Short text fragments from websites

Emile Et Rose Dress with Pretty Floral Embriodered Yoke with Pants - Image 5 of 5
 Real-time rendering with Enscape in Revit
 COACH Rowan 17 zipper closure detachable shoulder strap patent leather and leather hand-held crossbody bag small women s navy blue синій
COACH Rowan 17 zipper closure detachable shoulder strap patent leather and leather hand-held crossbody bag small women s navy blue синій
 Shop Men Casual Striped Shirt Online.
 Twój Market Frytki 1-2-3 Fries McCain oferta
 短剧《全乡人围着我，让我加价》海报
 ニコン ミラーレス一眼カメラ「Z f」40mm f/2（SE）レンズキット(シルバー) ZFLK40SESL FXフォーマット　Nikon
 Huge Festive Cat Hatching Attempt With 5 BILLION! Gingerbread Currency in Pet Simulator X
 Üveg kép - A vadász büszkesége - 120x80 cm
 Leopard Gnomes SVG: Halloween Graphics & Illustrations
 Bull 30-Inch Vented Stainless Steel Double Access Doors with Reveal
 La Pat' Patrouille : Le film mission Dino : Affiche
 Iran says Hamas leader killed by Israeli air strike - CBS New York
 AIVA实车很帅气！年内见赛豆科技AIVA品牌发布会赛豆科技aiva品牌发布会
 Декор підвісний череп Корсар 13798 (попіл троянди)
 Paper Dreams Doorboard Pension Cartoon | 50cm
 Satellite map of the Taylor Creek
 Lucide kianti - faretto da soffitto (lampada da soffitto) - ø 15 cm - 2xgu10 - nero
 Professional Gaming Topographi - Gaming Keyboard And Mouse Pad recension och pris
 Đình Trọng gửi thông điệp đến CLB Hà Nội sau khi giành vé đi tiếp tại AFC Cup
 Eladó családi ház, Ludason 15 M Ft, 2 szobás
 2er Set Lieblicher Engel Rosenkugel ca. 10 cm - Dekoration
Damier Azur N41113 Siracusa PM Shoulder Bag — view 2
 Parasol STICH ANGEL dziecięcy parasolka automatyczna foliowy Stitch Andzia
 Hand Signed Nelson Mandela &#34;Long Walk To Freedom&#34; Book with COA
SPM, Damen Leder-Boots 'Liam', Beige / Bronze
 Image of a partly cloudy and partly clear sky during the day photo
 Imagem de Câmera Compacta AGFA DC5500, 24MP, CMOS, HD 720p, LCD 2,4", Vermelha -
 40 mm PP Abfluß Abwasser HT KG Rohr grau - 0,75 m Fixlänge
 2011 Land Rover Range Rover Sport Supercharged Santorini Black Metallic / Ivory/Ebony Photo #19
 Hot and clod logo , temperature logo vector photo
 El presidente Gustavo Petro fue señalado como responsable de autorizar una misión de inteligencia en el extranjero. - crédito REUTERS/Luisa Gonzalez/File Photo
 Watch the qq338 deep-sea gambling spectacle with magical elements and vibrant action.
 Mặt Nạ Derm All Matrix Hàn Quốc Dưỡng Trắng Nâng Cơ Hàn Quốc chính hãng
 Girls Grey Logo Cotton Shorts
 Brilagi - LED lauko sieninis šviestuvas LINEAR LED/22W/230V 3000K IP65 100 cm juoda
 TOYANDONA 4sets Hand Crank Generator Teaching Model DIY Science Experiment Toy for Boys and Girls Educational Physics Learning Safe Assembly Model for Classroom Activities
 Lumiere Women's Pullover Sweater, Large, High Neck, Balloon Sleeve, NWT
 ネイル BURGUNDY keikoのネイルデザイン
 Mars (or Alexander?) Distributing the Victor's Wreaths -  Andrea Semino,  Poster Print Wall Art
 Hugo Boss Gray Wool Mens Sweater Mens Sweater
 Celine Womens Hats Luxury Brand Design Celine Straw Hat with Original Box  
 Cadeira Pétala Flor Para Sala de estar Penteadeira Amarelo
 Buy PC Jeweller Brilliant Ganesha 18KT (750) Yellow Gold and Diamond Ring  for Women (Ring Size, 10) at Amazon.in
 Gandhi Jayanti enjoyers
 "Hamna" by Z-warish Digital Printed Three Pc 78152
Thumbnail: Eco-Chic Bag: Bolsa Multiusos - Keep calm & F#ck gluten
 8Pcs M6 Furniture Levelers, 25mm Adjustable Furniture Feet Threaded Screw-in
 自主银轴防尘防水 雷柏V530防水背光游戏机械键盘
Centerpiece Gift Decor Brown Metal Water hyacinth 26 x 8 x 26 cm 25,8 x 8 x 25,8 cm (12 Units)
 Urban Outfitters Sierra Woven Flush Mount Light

Task: From the first line of the data above through the line containing "2011 Land Rover", repeat each line exactly, and add nothing.

Written solution:
Emile Et Rose Dress with Pretty Floral Embriodered Yoke with Pants - Image 5 of 5
 Real-time rendering with Enscape in Revit
 COACH Rowan 17 zipper closure detachable shoulder strap patent leather and leather hand-held crossbody bag small women s navy blue синій
COACH Rowan 17 zipper closure detachable shoulder strap patent leather and leather hand-held crossbody bag small women s navy blue синій
 Shop Men Casual Striped Shirt Online.
 Twój Market Frytki 1-2-3 Fries McCain oferta
 短剧《全乡人围着我，让我加价》海报
 ニコン ミラーレス一眼カメラ「Z f」40mm f/2（SE）レンズキット(シルバー) ZFLK40SESL FXフォーマット　Nikon
 Huge Festive Cat Hatching Attempt With 5 BILLION! Gingerbread Currency in Pet Simulator X
 Üveg kép - A vadász büszkesége - 120x80 cm
 Leopard Gnomes SVG: Halloween Graphics & Illustrations
 Bull 30-Inch Vented Stainless Steel Double Access Doors with Reveal
 La Pat' Patrouille : Le film mission Dino : Affiche
 Iran says Hamas leader killed by Israeli air strike - CBS New York
 AIVA实车很帅气！年内见赛豆科技AIVA品牌发布会赛豆科技aiva品牌发布会
 Декор підвісний череп Корсар 13798 (попіл троянди)
 Paper Dreams Doorboard Pension Cartoon | 50cm
 Satellite map of the Taylor Creek
 Lucide kianti - faretto da soffitto (lampada da soffitto) - ø 15 cm - 2xgu10 - nero
 Professional Gaming Topographi - Gaming Keyboard And Mouse Pad recension och pris
 Đình Trọng gửi thông điệp đến CLB Hà Nội sau khi giành vé đi tiếp tại AFC Cup
 Eladó családi ház, Ludason 15 M Ft, 2 szobás
 2er Set Lieblicher Engel Rosenkugel ca. 10 cm - Dekoration
Damier Azur N41113 Siracusa PM Shoulder Bag — view 2
 Parasol STICH ANGEL dziecięcy parasolka automatyczna foliowy Stitch Andzia
 Hand Signed Nelson Mandela &#34;Long Walk To Freedom&#34; Book with COA
SPM, Damen Leder-Boots 'Liam', Beige / Bronze
 Image of a partly cloudy and partly clear sky during the day photo
 Imagem de Câmera Compacta AGFA DC5500, 24MP, CMOS, HD 720p, LCD 2,4", Vermelha -
 40 mm PP Abfluß Abwasser HT KG Rohr grau - 0,75 m Fixlänge
 2011 Land Rover Range Rover Sport Supercharged Santorini Black Metallic / Ivory/Ebony Photo #19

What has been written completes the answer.